Dual-Agent Deep Reinforcement Learning for Low-Carbon Economic Dispatch in Wind-Integrated Microgrids Based on Carbon Emission Flow

High renewable penetration in microgrids makes low-carbon economic dispatch under uncertainty challenging, and single-agent deep reinforcement learning (DRL) often yields unstable cost–emission trade-offs. This study proposes a dual-agent DRL framework that explicitly balances operational economy and environmental sustainability. A Proximal Policy Optimization (PPO) agent focuses on minimizing operating cost, while a Soft Actor–Critic (SAC) agent targets carbon emission reduction; their actions are combined through an adaptive weighting strategy. The framework is supported by carbon emission flow (CEF) theory, which enables network-level tracing of carbon flows, and a stepped carbon pricing mechanism that internalizes dynamic carbon costs. Demand response (DR) is incorporated to enhance operational flexibility.

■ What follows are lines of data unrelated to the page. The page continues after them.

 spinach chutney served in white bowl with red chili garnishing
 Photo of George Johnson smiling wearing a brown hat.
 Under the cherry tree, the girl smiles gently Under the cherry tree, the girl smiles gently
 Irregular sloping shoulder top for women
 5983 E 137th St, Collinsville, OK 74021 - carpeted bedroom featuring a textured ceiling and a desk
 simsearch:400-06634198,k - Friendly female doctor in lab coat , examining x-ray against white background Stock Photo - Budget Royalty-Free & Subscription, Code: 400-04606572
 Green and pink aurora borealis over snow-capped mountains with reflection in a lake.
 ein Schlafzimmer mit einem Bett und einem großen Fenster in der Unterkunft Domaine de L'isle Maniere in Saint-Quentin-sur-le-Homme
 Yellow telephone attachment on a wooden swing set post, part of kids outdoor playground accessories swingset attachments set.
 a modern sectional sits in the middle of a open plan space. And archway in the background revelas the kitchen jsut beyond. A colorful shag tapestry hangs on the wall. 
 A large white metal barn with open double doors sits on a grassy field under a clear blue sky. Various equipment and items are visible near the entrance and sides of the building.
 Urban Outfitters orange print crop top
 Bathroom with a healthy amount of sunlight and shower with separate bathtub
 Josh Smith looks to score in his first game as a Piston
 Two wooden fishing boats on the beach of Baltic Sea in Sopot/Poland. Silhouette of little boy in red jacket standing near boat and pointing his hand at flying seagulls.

The dispatch problem is formulated as a Markov Decision Process, allowing the dual-agent system to learn policies through interaction with the environment. Case studies on a modified PJM 5-bus test system show that, compared with a Deep Deterministic Policy Gradient (DDPG) baseline, the proposed method reduces total operating cost, carbon emissions, and wind curtailment by 16.8%, 11.3%, and 15.2%, respectively. These results demonstrate that the proposed framework is an effective solution for economical and low-carbon operation in renewable-rich power systems.